The Guinness flowed Wednesday night as the Green 17 tour, sponsored by the brew, packed Avalon for a pre-St. Patrick's evening of Gaelic charm and slam dancing.
Dave King, frontman for the Irish punk-rock outfit Flogging Molly, kicked off a 90-minute set with ''The Wrong Company," from the group's album ''Within a Mile of Home." Bathed in emerald light, the Dublin native transitioned into ''Screaming at the Wailing Wall" and got the crowd jumping.

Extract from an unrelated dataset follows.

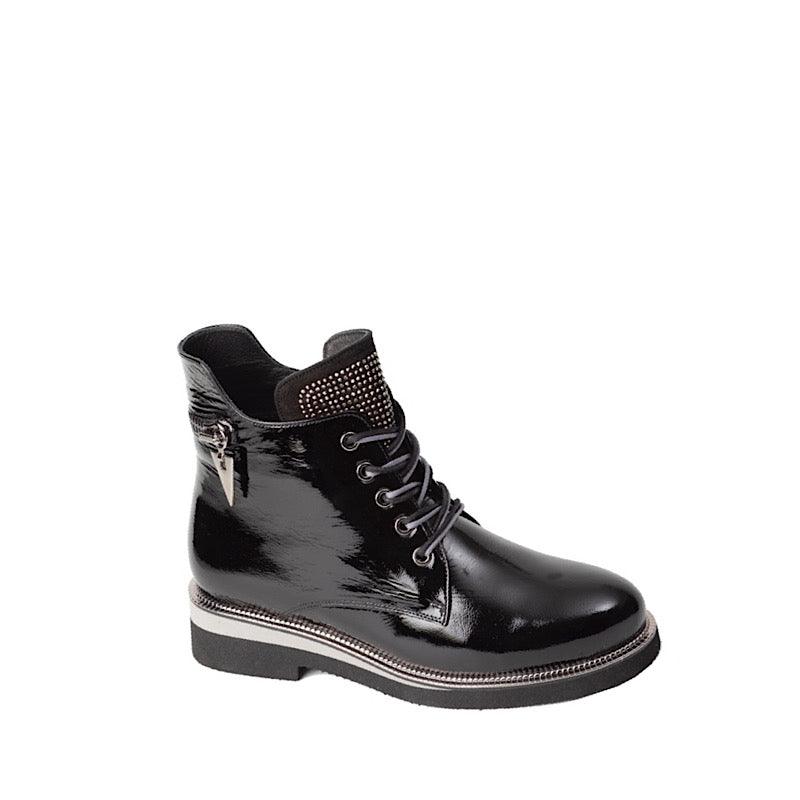 Bottillion Cagiva en cuir verni noir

King's raspy voice and thick brogue were the perfect complements to the seven-piece ensemble, which features a fiddle, a banjo, and a steel flute. Fans on the floor, some in Celtics jerseys and others shirtless, threw fists into the air as they chimed in with the obligatory ''Oi" choruses.
While the band kept the tempo high for most of the evening, it also displayed versatility with the punk-rock equivalent of a power ballad, ''Whistles the Wind." Crowd members stopped slamming long enough to raise a glass and throw a sweaty arm around a neighbor.

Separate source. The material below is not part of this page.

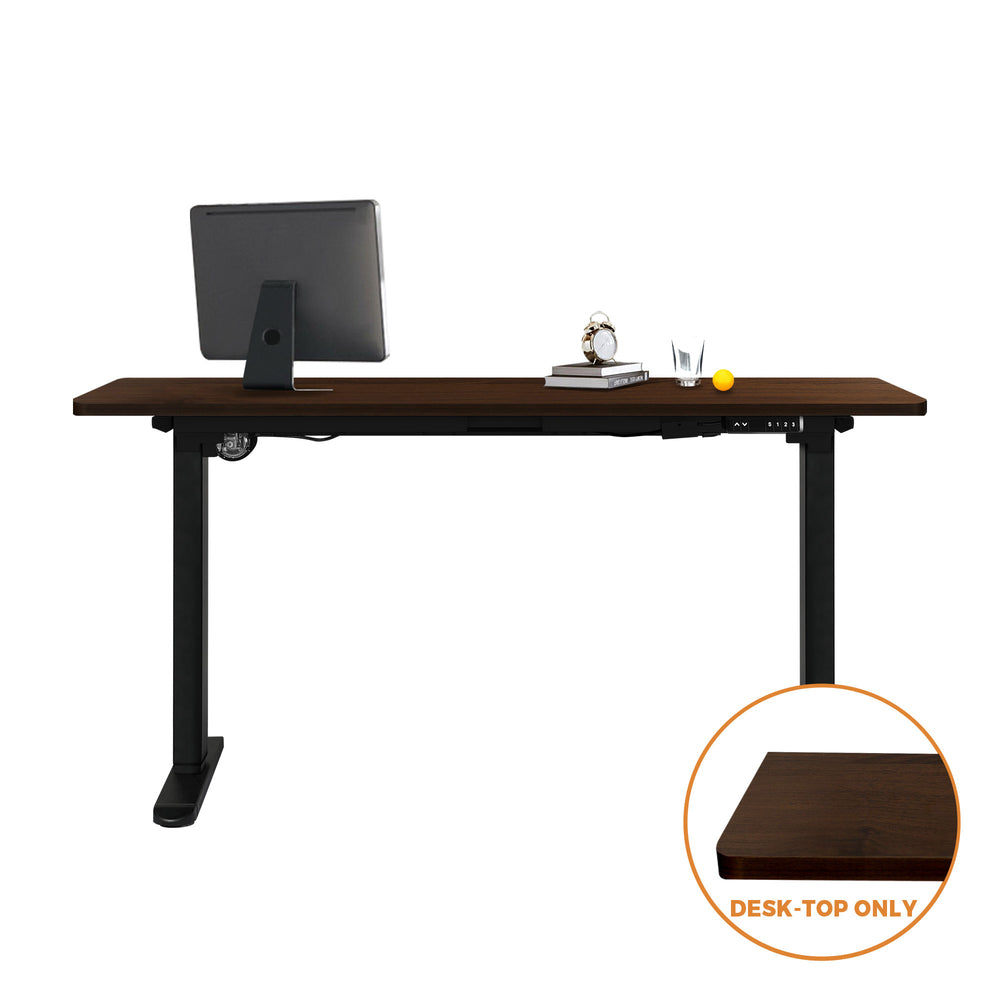 Oikiture Standing Desk Top with Drilled Hole Walnut 160x75cm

''Most of you Bostonians are filthy Irish, aren't you?" King asked, to a rousing choir of cheers. He paused between songs to sip his whiskey and crack jokes, often at his own expense.

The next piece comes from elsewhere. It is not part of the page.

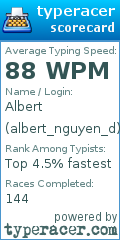 Scorecard for user albert_nguyen_d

Flogging Molly wrapped up the set with ''What's Left of the Flag," from the 2002 album ''Drunken Lullabies," to howls from the audience. Then the band left as it had entered, cloaked in green light.
Florida natives Hot Water Music opened with a fast-paced, calculated set. The punkers were as tight as ever, treating the crowd to new tracks off their third Epitaph release, ''The New What Next."
The Riverboat Gamblers, from Denton, Texas, began the night with high energy. Lead singer Mike Wiebe spent more time meandering through the pit and scaling speaker towers than he did onstage. Despite the stage show, the Gamblers sound was similar to artists such as AFI and No Use for a Name. While they succeeded in sounding raw, they failed to find a sound that was exclusively theirs.